## Task objective
Your task is to retype, word for word, the lines from the start of the data through the line holding "New York Text". Do not include the pictures.

Dataset below:

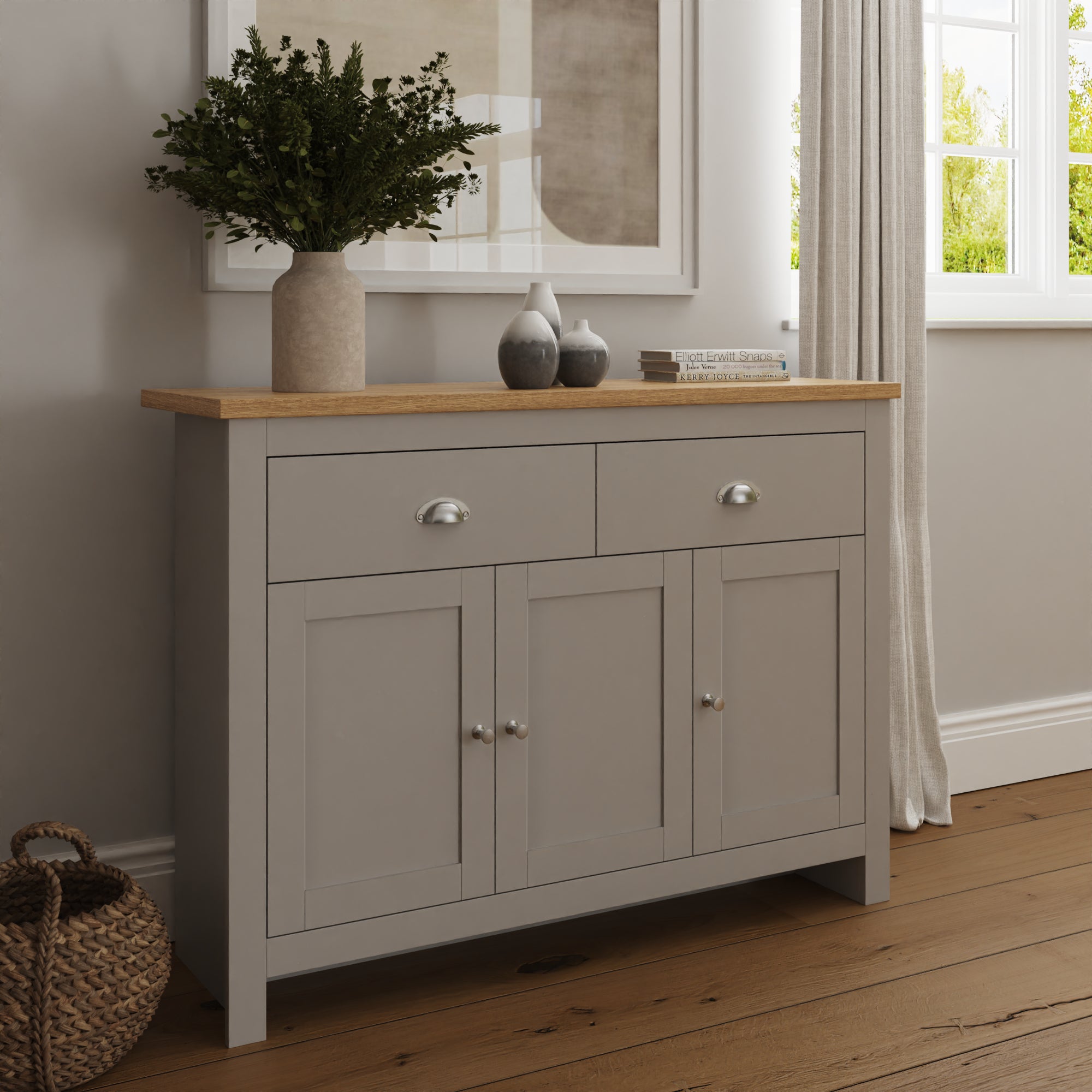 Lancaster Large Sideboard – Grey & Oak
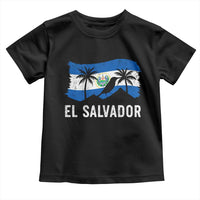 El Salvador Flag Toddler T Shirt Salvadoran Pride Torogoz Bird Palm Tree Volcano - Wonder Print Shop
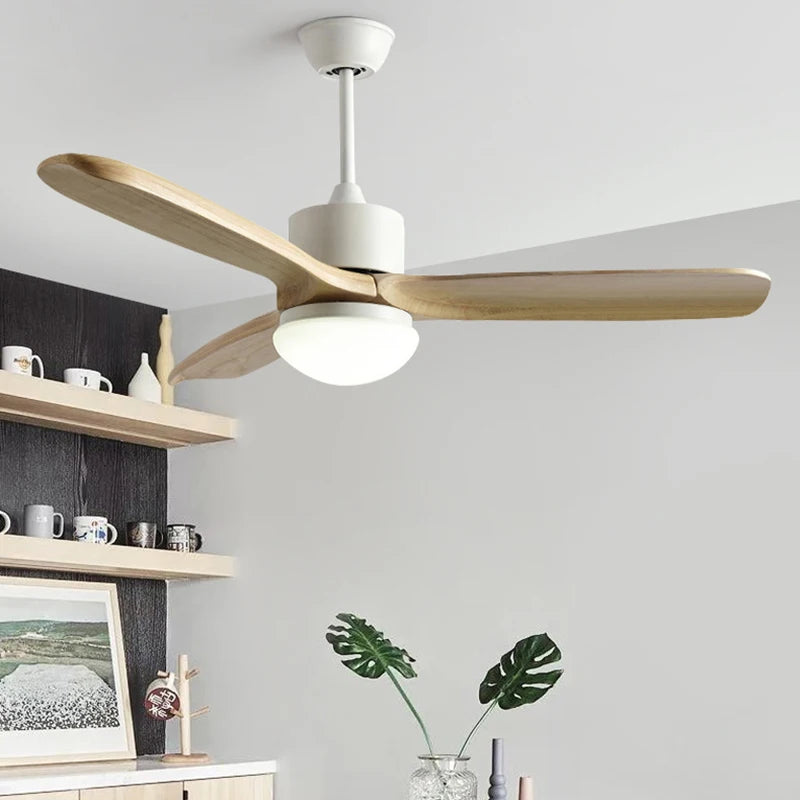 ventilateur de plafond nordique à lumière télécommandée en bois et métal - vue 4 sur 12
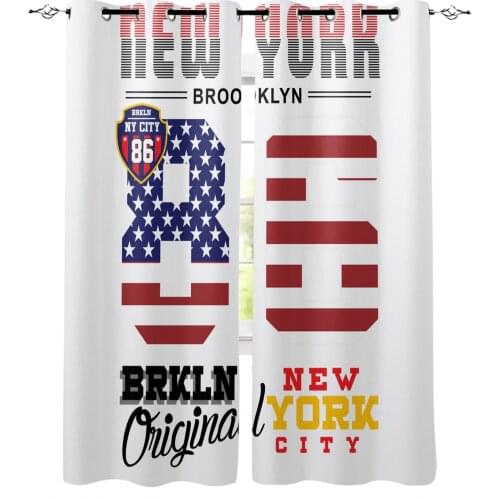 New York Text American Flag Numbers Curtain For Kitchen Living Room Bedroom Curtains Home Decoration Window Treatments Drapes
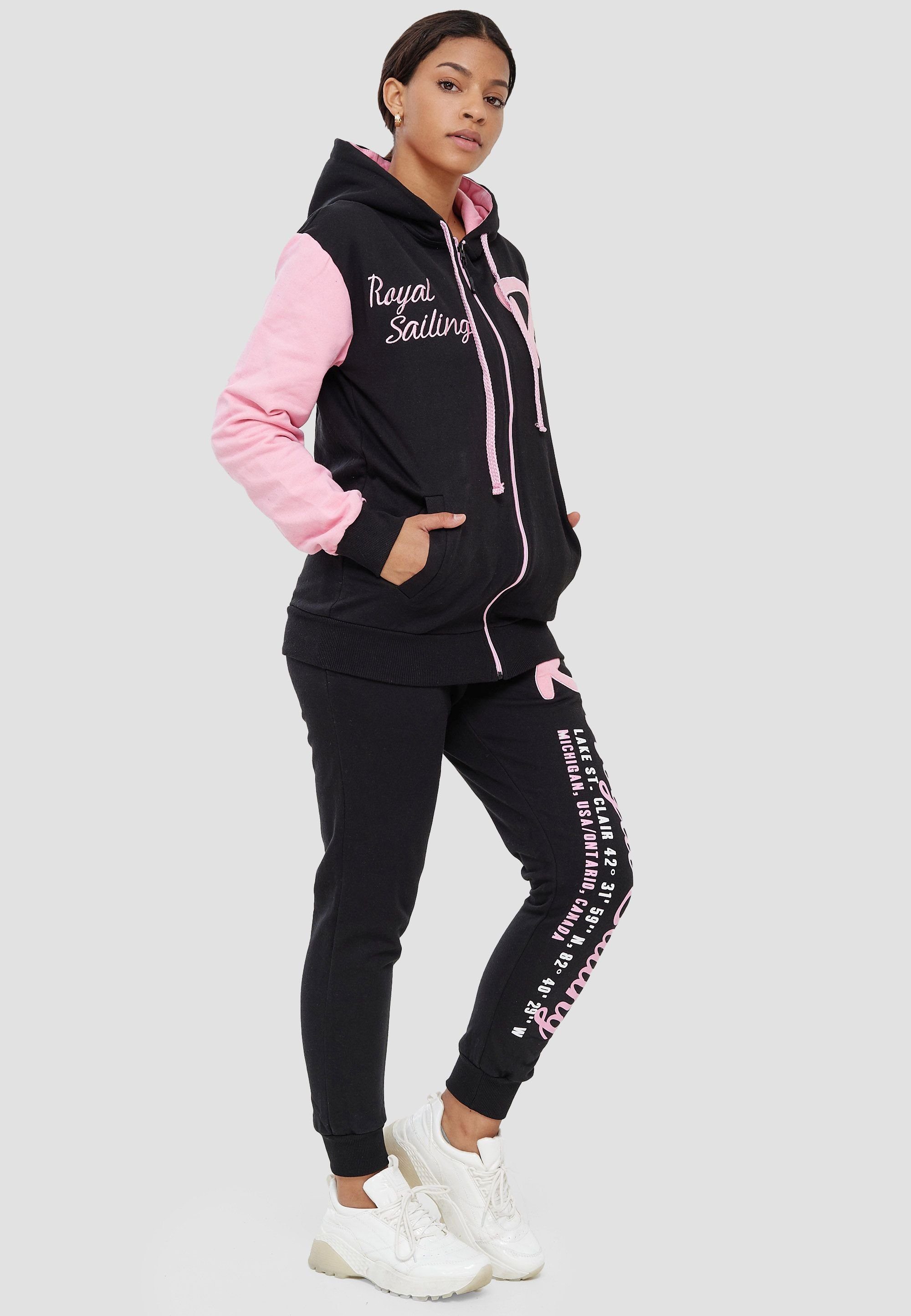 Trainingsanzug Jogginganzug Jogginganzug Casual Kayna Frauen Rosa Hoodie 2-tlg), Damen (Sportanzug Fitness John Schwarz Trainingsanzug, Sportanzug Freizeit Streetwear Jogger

End of Dataset.

## Exercise solution
 Lancaster Large Sideboard – Grey & Oak
 El Salvador Flag Toddler T Shirt Salvadoran Pride Torogoz Bird Palm Tree Volcano - Wonder Print Shop
 ventilateur de plafond nordique à lumière télécommandée en bois et métal - vue 4 sur 12
 New York Text American Flag Numbers Curtain For Kitchen Living Room Bedroom Curtains Home Decoration Window Treatments Drapes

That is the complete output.